Monday-Wednesday’s Action: Stocks Getting Weaker, Not Stronger
Stocks fell hard on Monday after the despicable events occurred at the Boston Marathon and a slew of weaker-than-expected economic and earnings data was announced. The big news was that a slew of commodities plunged overnight. Most notably, Gold & Silver Plunged 10% and 13% respectively which sent gold down over 140 points in one day! It is important to note that both, gold & silver are in bear markets which means the path of least resistance is lower until some sort of bottom is forged. The commodity sell-off occurred after China, a growth engine for the global economy, said its economy “only” grew by 7.7% in Q1 which missed the Street’s estimate for 7.9%. In the US, the NY manufacturing index missed estimates. The index grew by 3.05 in April down from 9.24 in March which is another “sluggish” data point. On the M&A front, Sprint Nextel (S) vaulted over 16% after Dish Network (DISH) offered to acquire the telecom company for $25.5 billion in cash and stock.

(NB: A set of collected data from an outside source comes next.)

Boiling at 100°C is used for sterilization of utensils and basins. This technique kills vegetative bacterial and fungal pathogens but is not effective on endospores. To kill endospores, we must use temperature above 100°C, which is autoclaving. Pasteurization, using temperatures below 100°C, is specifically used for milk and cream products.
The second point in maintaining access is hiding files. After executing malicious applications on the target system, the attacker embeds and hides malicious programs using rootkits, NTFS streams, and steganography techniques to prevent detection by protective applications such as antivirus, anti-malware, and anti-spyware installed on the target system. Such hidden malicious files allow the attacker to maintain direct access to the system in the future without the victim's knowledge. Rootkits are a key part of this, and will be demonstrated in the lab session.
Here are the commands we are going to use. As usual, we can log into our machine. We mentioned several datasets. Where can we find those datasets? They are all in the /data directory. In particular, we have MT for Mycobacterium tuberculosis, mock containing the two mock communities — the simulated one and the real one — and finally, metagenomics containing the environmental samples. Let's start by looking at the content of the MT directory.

Stocks rebounded sharply on Tuesday after investors digested the latest round data. Most notably, Citigroup (C) rallied but Wells Fargo (WFC), JP Morgan (JPM), Goldman Sachs (GS), Bank of America (BAC), Morgan Stanley (MS), and Bank of New York Mellon (BK) fell after announcing their Q1 results. Economic data was positive after new home sales jumped to their highest level since 2008 and topped estimates. Elsewhere, the consumer price index (CPI) slid in March for the first time in four months as the cost of gasoline continued to fall. So far, inflation has not been a threat and the narrative is slowly shifting toward deflation.

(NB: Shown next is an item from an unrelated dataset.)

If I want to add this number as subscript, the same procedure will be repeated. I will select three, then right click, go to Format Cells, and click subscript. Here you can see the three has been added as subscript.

Stocks opened lower on Wednesday after the Financial Times said a senior auditor in China warned that local government debt is “out of control.” Elsewhere, the IMF downgraded its outlook for US growth to 1.9% in 2013 and 4% in 2014 which adds pressure for the additional pressure. The IMF also said that it sees 20% of corporate debt unsustainable in parts of Europe, which put pressure on European shares. The Fed’s Beige Book indicated general economic conditions are improving and mostly stronger than expected.
Thursday-Friday’s Action: S&P 500 Fights To Stay Above Its 50 DMA line
Market Outlook: Rally Under Pressure
The market rally remains under pressure as we noted in our mid-week update. The technical damage continues to mound which is not ideal. The following areas broke below their respective 50 DMA lines which is not healthy: Nasdaq Composite, Nasdaq 100, Russell 2000, DJTransports, Housing, Financials, Metals, Miners, Oil, Apple, to name a few. Some of these influential areas are fighting back but whether or not they stay above their 50 DMA lines is yet to be determined. As always, keep your losses small and never argue with the tape.